What needs to be done: Go through the entries below and write each one out exactly.
** Opening Exercise input block **
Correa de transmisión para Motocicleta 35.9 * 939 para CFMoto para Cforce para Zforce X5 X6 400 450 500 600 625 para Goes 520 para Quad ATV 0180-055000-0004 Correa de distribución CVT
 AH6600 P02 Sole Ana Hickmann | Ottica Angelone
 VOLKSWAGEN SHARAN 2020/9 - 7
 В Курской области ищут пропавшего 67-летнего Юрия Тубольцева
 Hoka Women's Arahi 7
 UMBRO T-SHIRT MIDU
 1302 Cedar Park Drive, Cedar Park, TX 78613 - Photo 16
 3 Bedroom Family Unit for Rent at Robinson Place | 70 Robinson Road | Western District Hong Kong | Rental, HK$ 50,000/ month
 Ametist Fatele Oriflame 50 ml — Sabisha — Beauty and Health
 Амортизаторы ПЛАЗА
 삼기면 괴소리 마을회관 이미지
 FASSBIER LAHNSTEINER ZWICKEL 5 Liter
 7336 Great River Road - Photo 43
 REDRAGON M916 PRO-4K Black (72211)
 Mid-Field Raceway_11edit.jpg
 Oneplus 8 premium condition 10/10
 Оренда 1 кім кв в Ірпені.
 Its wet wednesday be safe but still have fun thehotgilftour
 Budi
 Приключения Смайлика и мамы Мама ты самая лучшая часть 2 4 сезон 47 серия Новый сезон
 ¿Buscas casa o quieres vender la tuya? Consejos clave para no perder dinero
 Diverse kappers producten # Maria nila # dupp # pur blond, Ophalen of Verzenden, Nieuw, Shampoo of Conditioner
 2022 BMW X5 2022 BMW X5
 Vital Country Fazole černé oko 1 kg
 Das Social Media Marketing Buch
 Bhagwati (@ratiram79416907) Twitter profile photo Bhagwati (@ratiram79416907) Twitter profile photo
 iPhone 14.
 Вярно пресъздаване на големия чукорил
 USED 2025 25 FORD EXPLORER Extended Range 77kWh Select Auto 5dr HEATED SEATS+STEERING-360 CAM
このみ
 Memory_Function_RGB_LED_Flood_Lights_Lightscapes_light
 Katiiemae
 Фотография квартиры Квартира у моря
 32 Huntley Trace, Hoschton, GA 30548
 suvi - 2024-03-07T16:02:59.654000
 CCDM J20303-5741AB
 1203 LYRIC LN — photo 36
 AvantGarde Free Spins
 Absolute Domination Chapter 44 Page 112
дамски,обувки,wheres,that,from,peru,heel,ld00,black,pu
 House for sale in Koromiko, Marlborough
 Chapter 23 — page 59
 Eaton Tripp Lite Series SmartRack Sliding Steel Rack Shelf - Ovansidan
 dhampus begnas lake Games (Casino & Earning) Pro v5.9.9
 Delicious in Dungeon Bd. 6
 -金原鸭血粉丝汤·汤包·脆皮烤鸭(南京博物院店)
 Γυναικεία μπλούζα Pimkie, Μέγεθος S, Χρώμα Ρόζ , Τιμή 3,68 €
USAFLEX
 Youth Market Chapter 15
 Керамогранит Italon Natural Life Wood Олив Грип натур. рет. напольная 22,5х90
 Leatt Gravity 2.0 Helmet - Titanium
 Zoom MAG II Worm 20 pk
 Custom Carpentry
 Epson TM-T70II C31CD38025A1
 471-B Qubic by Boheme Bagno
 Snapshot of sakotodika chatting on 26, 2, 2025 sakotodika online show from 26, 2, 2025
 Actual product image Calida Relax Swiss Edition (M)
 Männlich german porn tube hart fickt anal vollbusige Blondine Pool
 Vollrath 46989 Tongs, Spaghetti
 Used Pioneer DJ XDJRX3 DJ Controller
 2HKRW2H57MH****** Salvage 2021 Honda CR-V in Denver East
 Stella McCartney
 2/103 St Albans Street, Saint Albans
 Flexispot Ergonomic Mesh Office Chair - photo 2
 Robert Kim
** Closing Exercise input block **
Exercise solution:
Correa de transmisión para Motocicleta 35.9 * 939 para CFMoto para Cforce para Zforce X5 X6 400 450 500 600 625 para Goes 520 para Quad ATV 0180-055000-0004 Correa de distribución CVT
 AH6600 P02 Sole Ana Hickmann | Ottica Angelone
 VOLKSWAGEN SHARAN 2020/9 - 7
 В Курской области ищут пропавшего 67-летнего Юрия Тубольцева
 Hoka Women's Arahi 7
 UMBRO T-SHIRT MIDU
 1302 Cedar Park Drive, Cedar Park, TX 78613 - Photo 16
 3 Bedroom Family Unit for Rent at Robinson Place | 70 Robinson Road | Western District Hong Kong | Rental, HK$ 50,000/ month
 Ametist Fatele Oriflame 50 ml — Sabisha — Beauty and Health
 Амортизаторы ПЛАЗА
 삼기면 괴소리 마을회관 이미지
 FASSBIER LAHNSTEINER ZWICKEL 5 Liter
 7336 Great River Road - Photo 43
 REDRAGON M916 PRO-4K Black (72211)
 Mid-Field Raceway_11edit.jpg
 Oneplus 8 premium condition 10/10
 Оренда 1 кім кв в Ірпені.
 Its wet wednesday be safe but still have fun thehotgilftour
 Budi
 Приключения Смайлика и мамы Мама ты самая лучшая часть 2 4 сезон 47 серия Новый сезон
 ¿Buscas casa o quieres vender la tuya? Consejos clave para no perder dinero
 Diverse kappers producten # Maria nila # dupp # pur blond, Ophalen of Verzenden, Nieuw, Shampoo of Conditioner
 2022 BMW X5 2022 BMW X5
 Vital Country Fazole černé oko 1 kg
 Das Social Media Marketing Buch
 Bhagwati (@ratiram79416907) Twitter profile photo Bhagwati (@ratiram79416907) Twitter profile photo
 iPhone 14.
 Вярно пресъздаване на големия чукорил
 USED 2025 25 FORD EXPLORER Extended Range 77kWh Select Auto 5dr HEATED SEATS+STEERING-360 CAM
このみ
 Memory_Function_RGB_LED_Flood_Lights_Lightscapes_light
 Katiiemae
 Фотография квартиры Квартира у моря
 32 Huntley Trace, Hoschton, GA 30548
 suvi - 2024-03-07T16:02:59.654000
 CCDM J20303-5741AB
 1203 LYRIC LN — photo 36
 AvantGarde Free Spins
 Absolute Domination Chapter 44 Page 112
дамски,обувки,wheres,that,from,peru,heel,ld00,black,pu
 House for sale in Koromiko, Marlborough
 Chapter 23 — page 59
 Eaton Tripp Lite Series SmartRack Sliding Steel Rack Shelf - Ovansidan
 dhampus begnas lake Games (Casino & Earning) Pro v5.9.9
 Delicious in Dungeon Bd. 6
 -金原鸭血粉丝汤·汤包·脆皮烤鸭(南京博物院店)
 Γυναικεία μπλούζα Pimkie, Μέγεθος S, Χρώμα Ρόζ , Τιμή 3,68 €
USAFLEX
 Youth Market Chapter 15
 Керамогранит Italon Natural Life Wood Олив Грип натур. рет. напольная 22,5х90
 Leatt Gravity 2.0 Helmet - Titanium
 Zoom MAG II Worm 20 pk
 Custom Carpentry
 Epson TM-T70II C31CD38025A1
 471-B Qubic by Boheme Bagno
 Snapshot of sakotodika chatting on 26, 2, 2025 sakotodika online show from 26, 2, 2025
 Actual product image Calida Relax Swiss Edition (M)
 Männlich german porn tube hart fickt anal vollbusige Blondine Pool
 Vollrath 46989 Tongs, Spaghetti
 Used Pioneer DJ XDJRX3 DJ Controller
 2HKRW2H57MH****** Salvage 2021 Honda CR-V in Denver East
 Stella McCartney
 2/103 St Albans Street, Saint Albans
 Flexispot Ergonomic Mesh Office Chair - photo 2
 Robert Kim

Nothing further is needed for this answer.